26 April 2005

Malware: Defending the difference

As at April 2005, we see malware as being of two different types:
  • Traditional malware (worms, viruses, trojans) that have unbounded malicious potential, and which should be tackled formally (i.e. without running the OS they infected)

  • Commercial malware (spyware, adware, dialers, various revenue-redirection scams) that have to curb abusive behavior so their creators can plausibly deny malware status, and which are thus safe to tackle from within the infected OS
This difference is maintained only through legal challenge; it is not a boundary that can be defended technologically. And this is where we are asleep at the wheel.

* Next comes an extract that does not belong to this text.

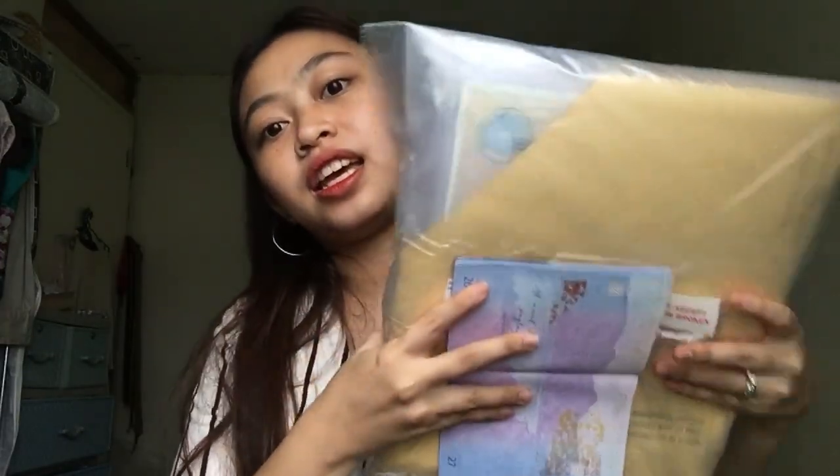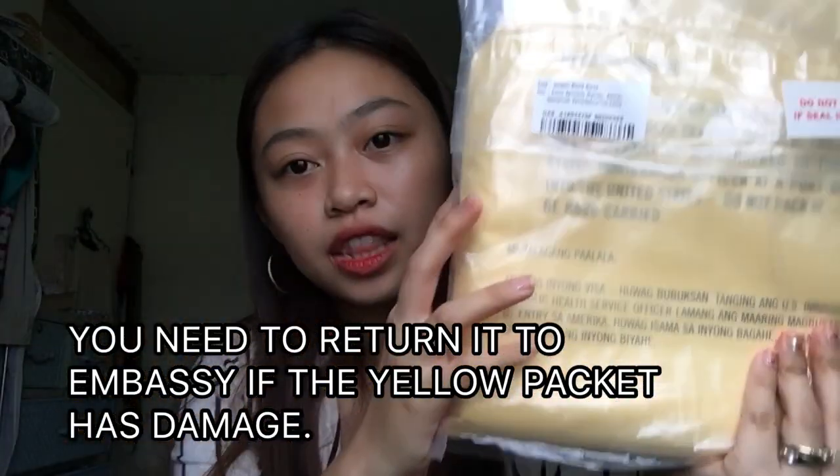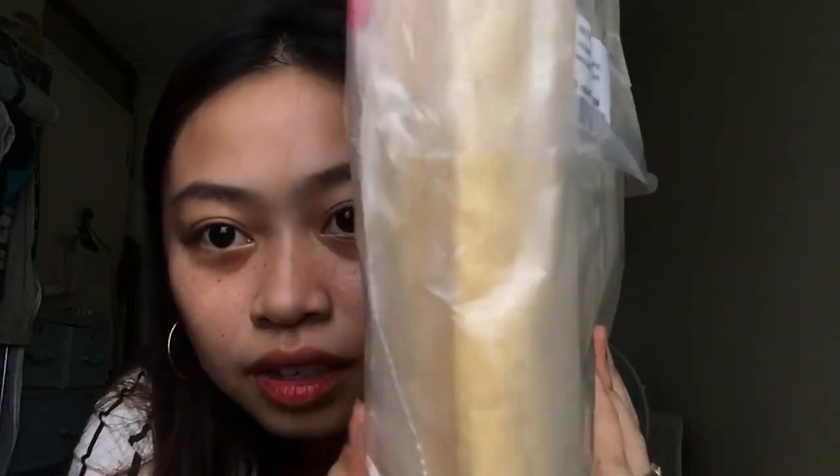This is the yellow packet. All you have to do — the passport is like this — and then you're going to cut the small portion of this plastic. Please be careful not to cut the yellow paper because you will need to return it. Cut a small portion here, the same size as your passport, then remove your passport and tape it back like that.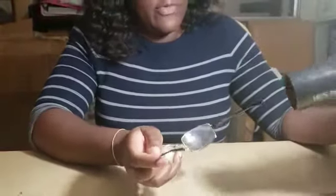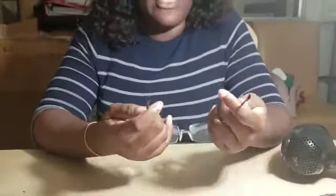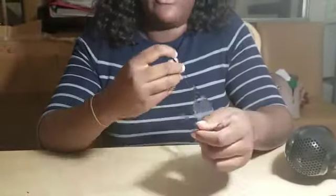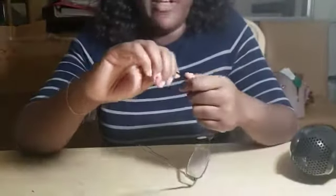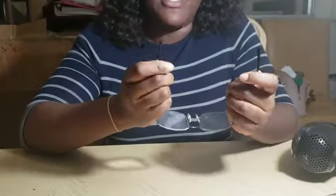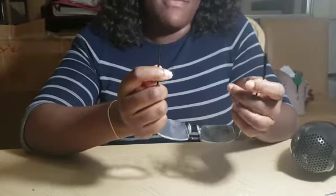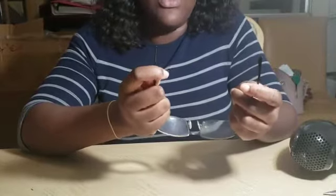Once we've done this for three to five minutes, we need to do our temple bends. We're going to use our thumb to get it at a 45-degree angle. Bend it on one side and then try to make the other side the same, because you don't want one to be too short or too long.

Currently, several commercial malware push the envelope:
  • Clickless attack through software defects, e.g. Java exploits
  • Active in Safe Mode
  • Resist termination of in-memory threads
  • Resist or DoS anti-malware removal tools
We have yet to see destructive payloads or peer-to-peer spread, but in most other respects, the boundary is blurring and the time is near when we will need formal tools to clean up commercial malware. We are ill-prepared even for traditional malware; the de facto maintainance OS for NTFS-bound XP is a free download that could vanish in a fit of vendor licensing pique, and av tools that run on this are rare and costly, reflecting the FUD and financial risk that developers must face here. There are no mOS-ready scanners for commercial malware as yet.

As long as the legal climate allows vandalism in the name of commerce, we can expect the boundary between commercial and traditional malware to be poorly defended. As technologists, we should get our tools ready; the need may soon be at hand.